Zero Dark Thirty works as an action movie, writes Raja Sen.
Sometime after 9/11, seminal comic book artist (and frequent shock jock) Frank Miller announced the ultimate America-in-vengeance-mode comic book.
Tastelessly titled Holy Terror, Batman!, it was meant to be a tale of the Dark Knight taking on Osama Bin Laden, a bigger baddie even than The Joker.
Somewhere down the line Batman was booted from the equation and Miller went his way to create Holy Terror, an awful, awful comic that pretty much vilified Islam itself. The caped crusader would have been disgusted.
Zero Dark Thirty, directed by Kathryn Bigelow, is the sort of film Frank Miller would envision before he turned it into a bloody, politically-incorrect mess.
In it there is a determined young heroine (played by the increasingly ubiquitous Jessica Chastain, who features in virtually everything worth seeing) and she is an unflinching superheroine.

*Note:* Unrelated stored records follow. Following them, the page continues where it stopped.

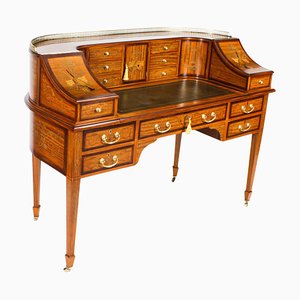 Antique 19th Century Satinwood Carlton House Writing Desk from Druce & Co
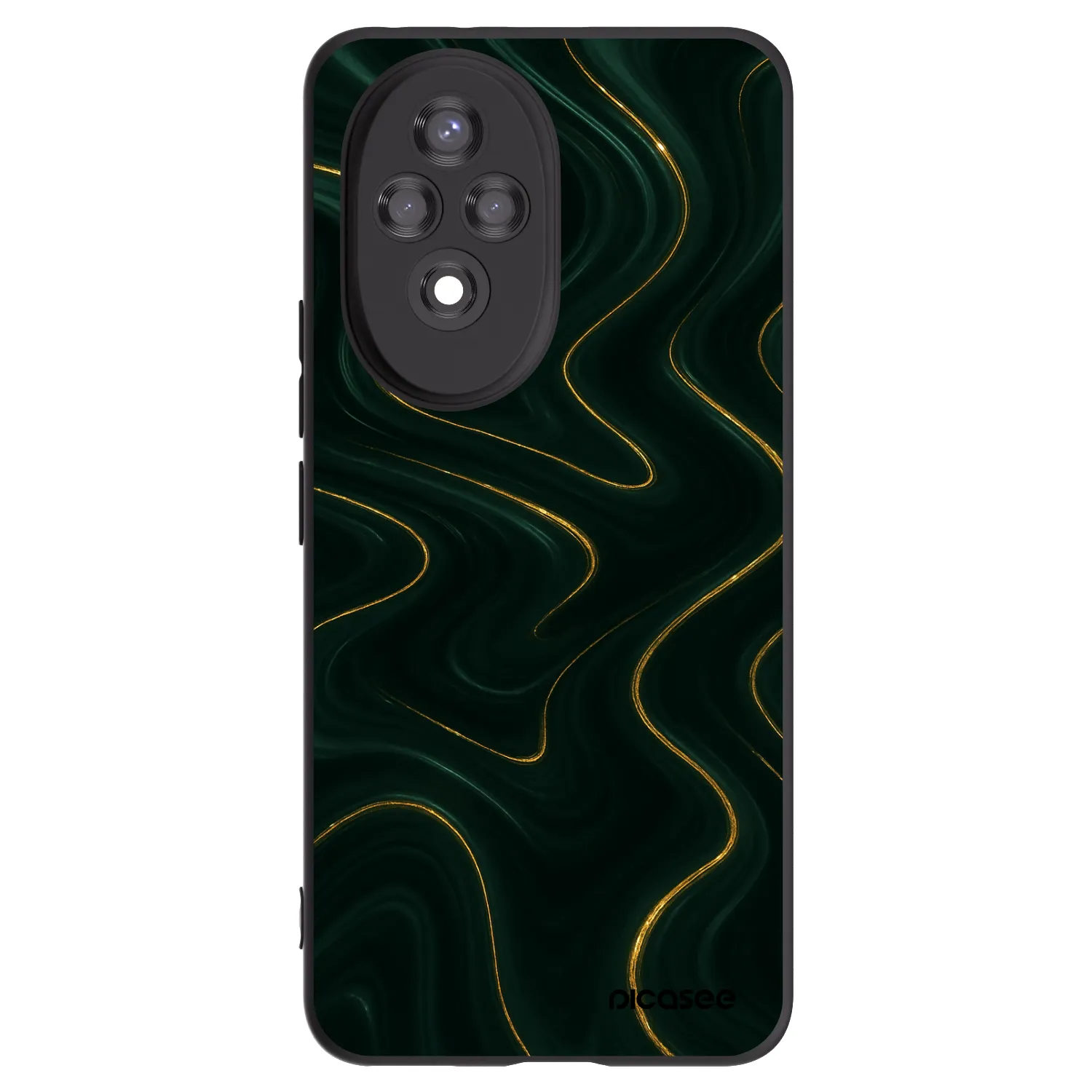 Picasee fekete szilikon tok az alábbi mobiltelefonokra Honor 200 5G - Vawes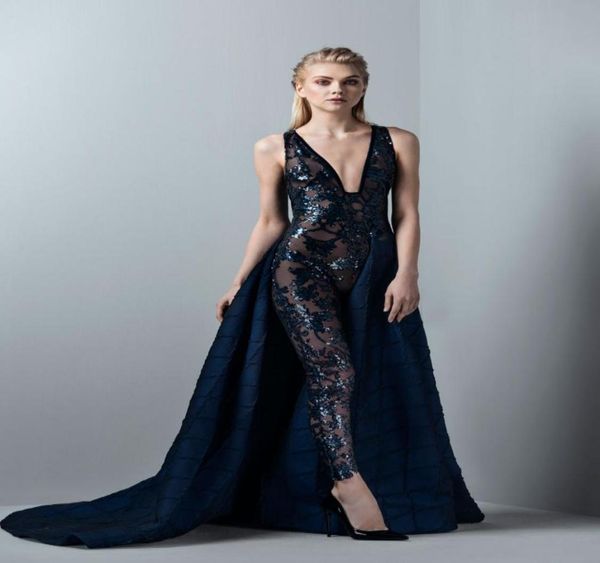 deep v neck black jumpsuit design luxury prom dresses with detachable skirt tulle unique applique evening gown formal dress p5209959, Black;red
deep v neck black jumpsuit design luxury prom dresses with detachable skirt tulle unique applique evening gown formal dress p5209959, Black;red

Two parts Batman, two parts Maverick from Top Gun, with several pinches of gunpowder.
2012 may have given us The Avengers, Tony Mendez, Django and even, hell, Batman himself, but it is Chastain’s Maya who stands as the most macho hero of them all.
Which wouldn’t be such a bad thing if Bigelow wasn’t so goddamned proud of it. All of Zero Dark Thirty -- based, it implies, on classified Intelligence information -- is about how Maya had one helluva hunch (that Osama’s hiding in plain sight) and how right she was.
Chastain rides that cocky-awesome horse with flair and makes for a highly effective cowgirl, but that shouldn’t disguise the plain fact of it all: replace her with another Jessica, say Alba, and this would be a Michael Bay movie.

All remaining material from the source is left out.